CSS: Best Practices in einer Zeit gegensätzlicher Entwicklungen

Kategorien: HTML/CSS/JS | 12. Apr 2012 | Kommentare: 1

CSS kennt ihr. Ihr habt sicher auch ein in jahrelanger Schweißarbeit eigenentwickeltes Schema, nach dem ihr eure CSS-Dateien aufbereitet und formatiert ;). Nun gibt es da aber etwas Neues am CSS-Entwicklungshimmel, das nennt sich objektorientiertes CSS. WTF?

Es handelt sich nicht um wirkliche Objektorientierung im klassischen Sinne. Begriffe wie Klassen und Vererbung findet man zwar auch im CSS-Sprachjargon vor, allerdings mit einer anderen Bedeutung.

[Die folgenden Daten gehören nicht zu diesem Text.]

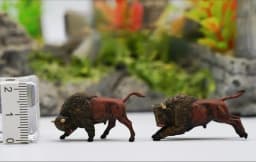 HO1:87 Animal Model Pigeon, Seagull, Wild Boar,Zebra, Seal,Tiger Lion Peacock Sea Lion Dolphin Wolf Pack Camel Animal Decor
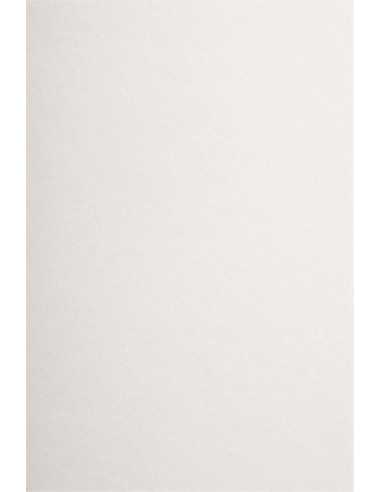 Hârtie decorativă colorată ecologică Materica 250g Gesso alb buc. 10A5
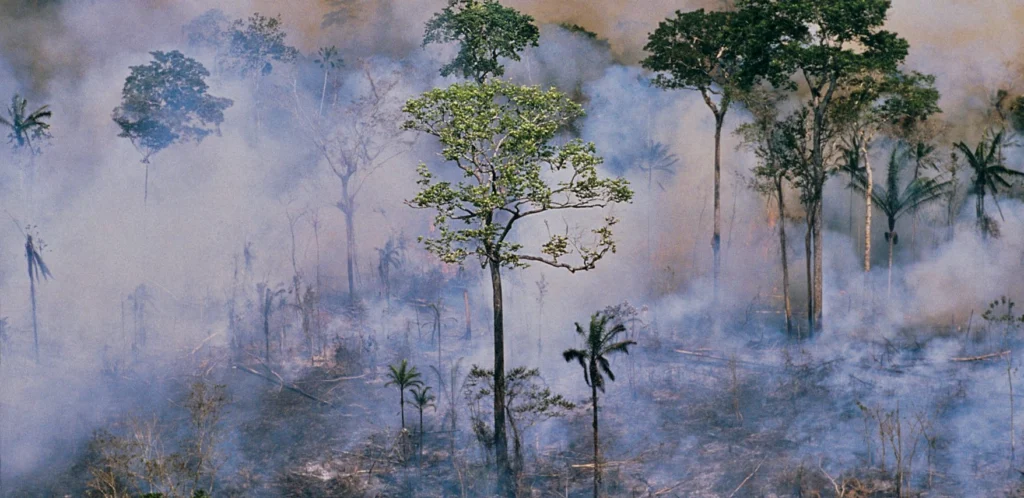 Krisen i Amazonas – vad du kan göra
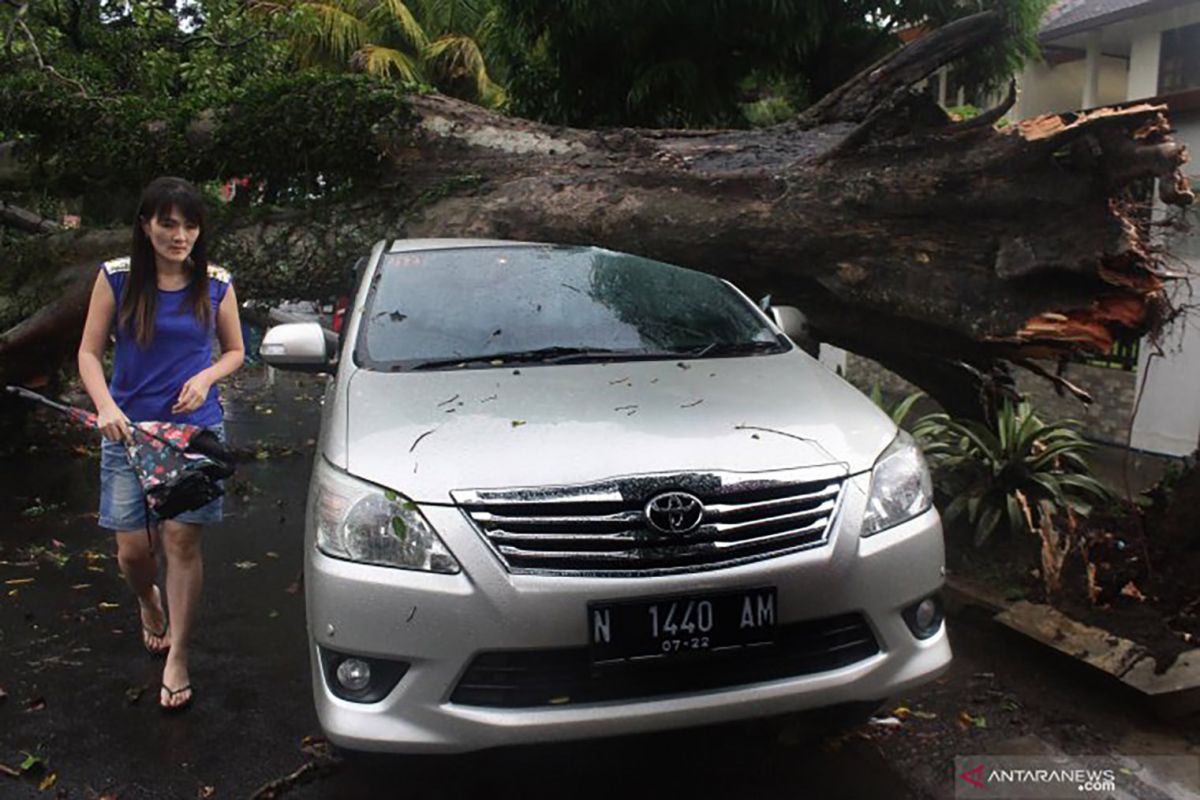 Pemkot Malang antisipasi pohon tumbang saat musim hujan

Objektorientiertes CSS (OOCSS) meint eher die Orientierung an Wartbarkeit und wiederverwendbarem Code. So sollen positionsabhängige Selektoren (z.B. section:first-child oder p:nth-child(odd)) vermieden werden.

Der Grund? Im nächsten Projekt will man vielleicht eine bestimmte CSS-Komponente leicht abgewandelt wiederverwenden. Jedoch findet man ein mitunter komplett anderes Layout vor und damit einhergehend oft auch anderes HTML-Markup. Positionsabhängige CSS-Styles lassen sich also in den meisten Fällen nicht 1:1 übertragen. Schlecht.

Stattdessen soll man auf Klassen zurückgreifen. Klassen, Klassen, Klassen. Dabei wird auch noch zwischen strukturellen (z.B. header) und dekorierenden (z.B. blue-border) Klassen unterschieden.

Das ist die Basis von OOCSS: Klassen statt positionsabhängigen Styles für bessere Wiederverwendbarkeit. Modularisierte Styles sollen die Entwicklungszeit verringern und ein Projekt flexibler gegenüber späten Änderungen machen. Nachvollziehbare Vorteile.

Und was meint er mit gegensätzlichen Entwicklungen?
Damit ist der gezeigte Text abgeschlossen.